In doing so, you will learn about:

  • The benefits of kernel fusion for bandwidth-bound operations.

  • Reduction operators in Triton.

Motivations

Custom GPU kernels for elementwise additions are educationally valuable but won’t get you very far in practice. Let us consider instead the case of a simple (numerically stabilized) softmax operation:

import torch

import triton
import triton.language as tl
from triton.runtime import driver

DEVICE = triton.runtime.driver.active.get_active_torch_device()


def is_hip():
    return triton.runtime.driver.active.get_current_target().backend == "hip"


def is_cdna():
    return is_hip() and triton.runtime.driver.active.get_current_target().arch in ('gfx940', 'gfx941', 'gfx942',
                                                                                   'gfx90a', 'gfx908')


def naive_softmax(x):
    """Compute row-wise softmax of X using native pytorch

    We subtract the maximum element in order to avoid overflows.

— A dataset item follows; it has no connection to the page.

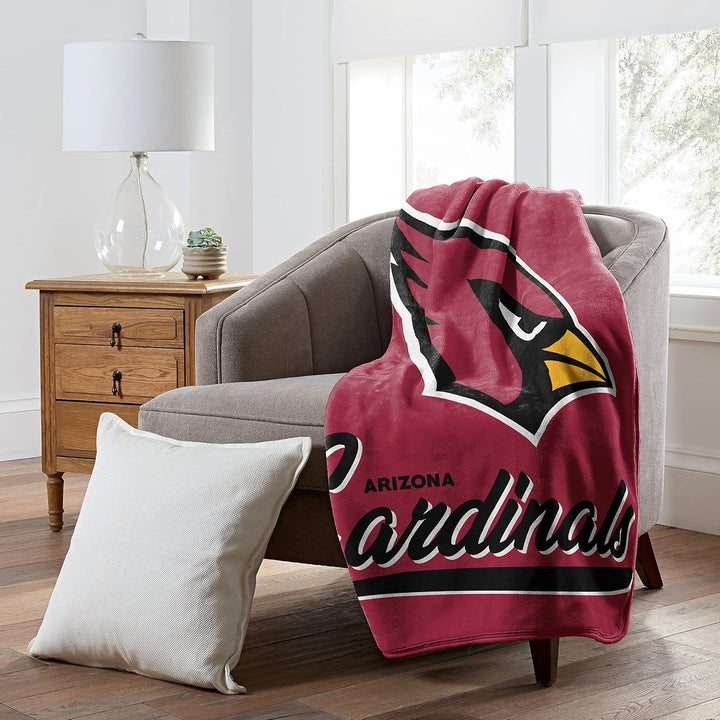 Officially Licensed NFL Grand Stand Plush Raschel Throw Blanket, 50" x 60" Arizona Cardinals, Arizon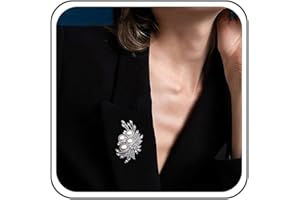 TseenYi Perle Fleur Broche Broche Strass Perle Broche Baroque Mode Cristal Broche Bijoux pour Femmes et Filles Cardigan Clip Revers Clip Chemise Clip Mariage Saint Valentin Noël (Argent)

Softmax is invariant to
    this shift.
    """
    # read  MN elements ; write M  elements
    x_max = x.max(dim=1)[0]
    # read MN + M elements ; write MN elements
    z = x - x_max[:, None]
    # read  MN elements ; write MN elements
    numerator = torch.exp(z)
    # read  MN elements ; write M  elements
    denominator = numerator.sum(dim=1)
    # read MN + M elements ; write MN elements
    ret = numerator / denominator[:, None]
    # in total: read 5MN + 2M elements ; wrote 3MN + 2M elements
    return ret

When implemented naively in PyTorch, computing y = naive_softmax(x) for \(x \in R^{M \times N}\) requires reading \(5MN + 2M\) elements from DRAM and writing back \(3MN + 2M\) elements. This is obviously wasteful; we’d prefer to have a custom “fused” kernel that only reads X once and does all the necessary computations on-chip. Doing so would require reading and writing back only \(MN\) bytes, so we could expect a theoretical speed-up of ~4x (i.e., \((8MN + 4M) / 2MN\)). The torch.jit.script flags aims to perform this kind of “kernel fusion” automatically but, as we will see later, it is still far from ideal.

Compute Kernel

Our softmax kernel works as follows: each program loads a set of rows of the input matrix X strided by number of programs, normalizes it and writes back the result to the output Y.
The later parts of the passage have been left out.